Bakalaeh ngoni semua nyandak ada guna ….ikuti kita Pe info ini gula2 politik
Masyarakat Talaud sebagai bagian dari masyarakat yang berada di wilayah Nusa utara yang diwacanakan untuk di mekarkan provinsi baru termasuk kategori masyarakat tertinggal dari dulu dan sampai sekarang.Harapan yang tidak pernah pupus agar masyarakat Talaud bisa naik kelas meninggalkan ketertinggalan.Untuk menjawab persoalan itu orang Talaud berjuang sekuat tenaga supaya Talaud mendapatkan pemerintahan otonom dan alhasil 2juli 2002 lahir kabupaten Kepulauan Talaud di masa pemerintahan Megawati Soekarno Putri.Kini usia kabupaten Talaud sudah sebelas tahun,harapan masyarakat Talaud belum terjawab bahkan keberadaan kabupaten yang baru ini sangat memprihatinkan ;korupsi merajalela,disclimer,membludak jumlah pejabat/ PNS ,lahir raja kecil ,KKN ,dll.Sekarang ide baru dilemparkan dan di sambut sangat antusias pembentukan provinsi nusa utara dan pemekaran kabupaten sangihe,Talaud dan Sitaro dengan muatan untuk kesejahteraan masyarakat.Ide prosperity approach tidak ada seorangpun yang menolak pasti semua akan mendukung.Pemikiran kritis yang menjadi pertimbangan:1. Wacana pemekaran kabupaten harus diseriusi utamanya lobi dengan Pemerintah pusat pemegang moratorium tahun 2004 tentang penghentian pembentukan kabupaten baru.2 .Proses pembentukan provinsi baru ini dilaksanakan sesuai dengan mekanisme demokrasi yang benar sehingga tidak terkesan bahwa ini hanya kepentingan elit politik dan birokrat.3. Kalau pemekaran kabupaten dilakukan dan tidak terjadi menambah masalah diatas masalah perlu kesiapan infra strukur politik sosial serta reformasi birokrasi.

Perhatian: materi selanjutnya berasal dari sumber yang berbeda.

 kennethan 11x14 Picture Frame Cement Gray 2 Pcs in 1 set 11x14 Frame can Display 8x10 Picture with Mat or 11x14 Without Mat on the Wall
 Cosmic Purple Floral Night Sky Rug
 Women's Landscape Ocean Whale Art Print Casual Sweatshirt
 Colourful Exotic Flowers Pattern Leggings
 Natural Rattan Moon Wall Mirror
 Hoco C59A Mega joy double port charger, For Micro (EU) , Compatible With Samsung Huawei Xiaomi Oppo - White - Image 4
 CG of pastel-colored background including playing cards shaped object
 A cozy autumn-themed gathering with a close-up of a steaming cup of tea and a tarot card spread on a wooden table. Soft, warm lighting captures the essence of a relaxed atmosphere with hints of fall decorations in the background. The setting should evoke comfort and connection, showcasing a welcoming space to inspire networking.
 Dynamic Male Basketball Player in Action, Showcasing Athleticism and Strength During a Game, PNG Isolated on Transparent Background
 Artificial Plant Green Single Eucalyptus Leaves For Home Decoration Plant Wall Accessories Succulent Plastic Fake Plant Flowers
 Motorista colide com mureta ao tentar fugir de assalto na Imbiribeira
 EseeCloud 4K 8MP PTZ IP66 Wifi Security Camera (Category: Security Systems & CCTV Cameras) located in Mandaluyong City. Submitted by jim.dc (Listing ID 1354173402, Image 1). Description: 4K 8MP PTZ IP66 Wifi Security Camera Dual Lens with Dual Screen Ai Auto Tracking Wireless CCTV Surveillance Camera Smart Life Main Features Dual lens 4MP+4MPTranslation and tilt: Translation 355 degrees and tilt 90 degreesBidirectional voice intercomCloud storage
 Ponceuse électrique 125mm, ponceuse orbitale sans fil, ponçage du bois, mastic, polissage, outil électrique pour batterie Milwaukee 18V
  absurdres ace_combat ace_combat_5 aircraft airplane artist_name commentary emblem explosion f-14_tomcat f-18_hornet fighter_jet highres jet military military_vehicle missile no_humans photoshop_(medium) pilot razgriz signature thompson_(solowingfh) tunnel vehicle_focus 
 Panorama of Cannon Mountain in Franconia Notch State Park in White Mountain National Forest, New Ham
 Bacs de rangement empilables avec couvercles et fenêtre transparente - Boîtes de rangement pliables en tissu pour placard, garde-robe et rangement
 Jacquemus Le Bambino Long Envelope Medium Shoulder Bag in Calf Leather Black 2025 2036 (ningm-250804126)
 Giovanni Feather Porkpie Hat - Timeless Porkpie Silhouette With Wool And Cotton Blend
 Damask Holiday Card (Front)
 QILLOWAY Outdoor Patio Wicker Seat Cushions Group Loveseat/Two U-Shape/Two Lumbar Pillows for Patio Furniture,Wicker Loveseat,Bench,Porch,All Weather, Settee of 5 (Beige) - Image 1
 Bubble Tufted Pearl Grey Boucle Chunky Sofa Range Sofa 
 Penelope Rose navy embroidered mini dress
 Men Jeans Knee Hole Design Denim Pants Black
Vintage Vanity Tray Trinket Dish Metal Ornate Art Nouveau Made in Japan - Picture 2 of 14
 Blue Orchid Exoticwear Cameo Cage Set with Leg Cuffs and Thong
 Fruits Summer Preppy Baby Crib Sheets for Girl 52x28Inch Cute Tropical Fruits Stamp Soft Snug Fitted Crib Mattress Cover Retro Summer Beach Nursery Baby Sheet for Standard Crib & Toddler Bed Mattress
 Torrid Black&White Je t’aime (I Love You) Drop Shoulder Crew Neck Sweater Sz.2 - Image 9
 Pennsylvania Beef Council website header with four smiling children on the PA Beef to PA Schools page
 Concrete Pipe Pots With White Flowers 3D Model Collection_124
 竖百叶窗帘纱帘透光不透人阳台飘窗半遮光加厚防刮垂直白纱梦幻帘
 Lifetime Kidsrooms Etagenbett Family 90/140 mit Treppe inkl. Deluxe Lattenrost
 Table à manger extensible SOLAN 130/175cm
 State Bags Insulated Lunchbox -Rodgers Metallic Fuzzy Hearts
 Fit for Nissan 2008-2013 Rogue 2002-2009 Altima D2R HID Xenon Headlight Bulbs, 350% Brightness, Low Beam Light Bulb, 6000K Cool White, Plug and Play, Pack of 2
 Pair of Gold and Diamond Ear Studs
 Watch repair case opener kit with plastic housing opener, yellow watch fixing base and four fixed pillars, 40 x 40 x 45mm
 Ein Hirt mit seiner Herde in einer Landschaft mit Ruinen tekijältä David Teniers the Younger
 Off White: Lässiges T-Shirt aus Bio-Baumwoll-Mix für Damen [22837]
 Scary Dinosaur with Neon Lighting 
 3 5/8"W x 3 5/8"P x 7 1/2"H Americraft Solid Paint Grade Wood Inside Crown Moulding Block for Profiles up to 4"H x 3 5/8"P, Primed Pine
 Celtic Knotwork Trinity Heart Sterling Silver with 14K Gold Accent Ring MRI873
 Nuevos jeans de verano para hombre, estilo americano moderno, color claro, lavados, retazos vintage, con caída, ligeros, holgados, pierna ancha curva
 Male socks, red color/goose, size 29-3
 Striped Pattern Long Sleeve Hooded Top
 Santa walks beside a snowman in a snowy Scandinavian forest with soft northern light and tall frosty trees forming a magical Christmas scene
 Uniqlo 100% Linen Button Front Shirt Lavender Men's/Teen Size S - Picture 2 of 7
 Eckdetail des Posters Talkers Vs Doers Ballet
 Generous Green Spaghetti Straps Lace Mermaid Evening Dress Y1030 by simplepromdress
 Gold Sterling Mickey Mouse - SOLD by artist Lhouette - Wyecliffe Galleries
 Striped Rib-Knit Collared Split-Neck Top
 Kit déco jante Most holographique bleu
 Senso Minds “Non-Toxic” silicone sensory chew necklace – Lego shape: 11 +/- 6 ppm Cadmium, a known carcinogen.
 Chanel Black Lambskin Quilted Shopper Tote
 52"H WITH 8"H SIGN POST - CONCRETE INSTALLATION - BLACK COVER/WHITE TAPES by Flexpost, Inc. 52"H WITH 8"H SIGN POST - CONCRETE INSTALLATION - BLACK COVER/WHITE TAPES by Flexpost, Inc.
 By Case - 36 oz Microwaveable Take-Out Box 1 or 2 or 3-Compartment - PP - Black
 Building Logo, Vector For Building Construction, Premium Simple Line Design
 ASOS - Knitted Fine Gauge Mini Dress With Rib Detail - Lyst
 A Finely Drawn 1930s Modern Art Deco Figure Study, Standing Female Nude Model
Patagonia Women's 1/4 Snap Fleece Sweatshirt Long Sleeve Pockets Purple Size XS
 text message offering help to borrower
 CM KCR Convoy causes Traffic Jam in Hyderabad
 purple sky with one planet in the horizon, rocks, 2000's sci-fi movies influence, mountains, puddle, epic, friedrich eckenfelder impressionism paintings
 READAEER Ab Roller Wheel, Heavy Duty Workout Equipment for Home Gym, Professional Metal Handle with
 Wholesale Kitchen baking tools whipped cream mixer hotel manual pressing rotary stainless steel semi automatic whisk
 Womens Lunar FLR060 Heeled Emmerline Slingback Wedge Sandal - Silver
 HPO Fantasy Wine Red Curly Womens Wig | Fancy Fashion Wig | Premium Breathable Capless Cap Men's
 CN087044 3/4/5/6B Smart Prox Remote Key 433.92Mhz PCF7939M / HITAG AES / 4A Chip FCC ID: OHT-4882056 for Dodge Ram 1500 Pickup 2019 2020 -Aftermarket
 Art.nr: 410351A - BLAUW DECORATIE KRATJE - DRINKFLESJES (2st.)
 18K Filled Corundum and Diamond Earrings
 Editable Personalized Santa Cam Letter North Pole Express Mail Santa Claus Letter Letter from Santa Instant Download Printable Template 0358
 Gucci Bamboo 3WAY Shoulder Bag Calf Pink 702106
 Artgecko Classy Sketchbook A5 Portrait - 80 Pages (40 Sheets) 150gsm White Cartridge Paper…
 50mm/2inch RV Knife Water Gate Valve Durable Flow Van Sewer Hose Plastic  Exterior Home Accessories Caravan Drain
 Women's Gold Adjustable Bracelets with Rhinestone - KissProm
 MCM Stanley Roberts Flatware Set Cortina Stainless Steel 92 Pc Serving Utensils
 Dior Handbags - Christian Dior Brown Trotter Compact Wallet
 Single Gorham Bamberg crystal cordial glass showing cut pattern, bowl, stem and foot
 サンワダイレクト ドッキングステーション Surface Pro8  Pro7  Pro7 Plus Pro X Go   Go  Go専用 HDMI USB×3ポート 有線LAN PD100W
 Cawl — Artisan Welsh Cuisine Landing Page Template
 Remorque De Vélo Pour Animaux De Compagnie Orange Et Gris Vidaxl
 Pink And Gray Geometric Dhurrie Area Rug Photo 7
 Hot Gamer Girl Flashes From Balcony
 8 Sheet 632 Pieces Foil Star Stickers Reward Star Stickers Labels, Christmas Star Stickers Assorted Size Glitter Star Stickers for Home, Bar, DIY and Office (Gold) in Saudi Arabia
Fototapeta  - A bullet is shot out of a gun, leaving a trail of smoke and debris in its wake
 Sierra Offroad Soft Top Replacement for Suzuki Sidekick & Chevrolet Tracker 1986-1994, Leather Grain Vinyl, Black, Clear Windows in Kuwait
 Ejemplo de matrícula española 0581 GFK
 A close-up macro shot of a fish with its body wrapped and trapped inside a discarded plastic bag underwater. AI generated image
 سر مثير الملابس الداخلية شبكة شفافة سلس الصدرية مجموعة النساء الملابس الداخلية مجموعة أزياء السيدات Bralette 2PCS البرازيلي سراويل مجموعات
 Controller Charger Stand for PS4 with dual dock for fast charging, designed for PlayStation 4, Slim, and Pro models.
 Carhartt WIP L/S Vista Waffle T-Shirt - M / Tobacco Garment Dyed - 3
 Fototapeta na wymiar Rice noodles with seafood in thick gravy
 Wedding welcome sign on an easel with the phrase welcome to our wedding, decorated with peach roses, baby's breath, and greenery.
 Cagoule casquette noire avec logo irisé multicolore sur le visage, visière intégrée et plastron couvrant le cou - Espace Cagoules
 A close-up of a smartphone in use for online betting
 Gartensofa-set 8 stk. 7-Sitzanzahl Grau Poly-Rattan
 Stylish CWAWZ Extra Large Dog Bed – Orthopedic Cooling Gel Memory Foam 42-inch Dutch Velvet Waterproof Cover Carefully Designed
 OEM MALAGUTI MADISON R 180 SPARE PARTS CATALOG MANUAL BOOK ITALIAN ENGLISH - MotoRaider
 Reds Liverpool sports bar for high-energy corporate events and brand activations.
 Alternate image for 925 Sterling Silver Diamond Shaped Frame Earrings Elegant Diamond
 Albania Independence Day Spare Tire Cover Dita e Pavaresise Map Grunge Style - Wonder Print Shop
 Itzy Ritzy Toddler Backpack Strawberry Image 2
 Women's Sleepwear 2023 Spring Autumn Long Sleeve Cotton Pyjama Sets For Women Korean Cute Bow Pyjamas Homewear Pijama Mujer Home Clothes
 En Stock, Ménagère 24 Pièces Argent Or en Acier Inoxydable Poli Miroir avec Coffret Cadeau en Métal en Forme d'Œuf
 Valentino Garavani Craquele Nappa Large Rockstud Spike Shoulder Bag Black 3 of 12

Lebe bae Itu Sulut Jangan Sampe Mekar, Bantar Somo baku musuh, so nya ada tu Satu Tekad SuLut “Torang Samua Basudara”
Masalah di daerah2 Terpencil itu, pemerintah p salah, bukang salah warganya…
saya sependapat dengan Sdr.Hien. sebagai orang sanger tulen sy tidak tertarik dengan pemekaran(PECAH BELAH) ini. tak lain tak bukan adalah KEKUASAAN dan HARTA dgn iming2 kesejahteraan rakyat. akh, basi .
Tak bisa kah sama2 berjuang menambah perbaikan pada prov yg sdh lama ada,mapan,berdiri melalui perjuangan oleh tua2 kita yg berbeda suku ketimbang mebuat pecah macam nih? yang lain meninginkan persatuan,ini kok malah PERPECAHAN. dimana SULUT kita tercinta ??
Kalau Nusa Utara sudah jadi Provinsi, Bolaang Mongondow jadi Provinsi, Minahasa jadi Provinsi, Manado Jadi Provinsi, Bunaken Jadi Provinsi, Manado Tua jadi Provinsi, akan timbul pertanyaan: ” Sulawesi Utara Sudah di Mana ?. Banyak orang berpendapat yang berbeda-beda tentang pemekaran , bahwa pemekaran itu adalah target yang harus diperjuangkan dan dicapai, tergantung saja pendapat dan usaha masing-masing yang penting isu pemekaran dapat ditunggu dan tidak sampai menimbulkan kebohongan kepada rakyat. Setiap menjelang Pemilu, Pilkada, Pilwako isu pemekaran berkumandang, tetapi usai itu diam lagi.
Kalau siapa yang pernah menonton drama/film “Brama Kumbara” cerita dalam film/drama tersebut kita dapat memperoleh petunjuk bagaimana cara memekarkan sebuah desa dapat mekar jadi kademangan, kemudian kademangan dimekarkan menjadi kepatian dan bagaimana kepatian menjadi kadipaten. Dalam film/drama tersebut pemekaran daerah itu biasa-biasa saja. Berusahalah dan kalau berhasil mari kita rayakan dengan pesta besar-besaran dan kalau gagal “CUKUP DIAM-DIAM SAJA”. Semua usaha akan berhasil kalau Tuhan menghendakinya.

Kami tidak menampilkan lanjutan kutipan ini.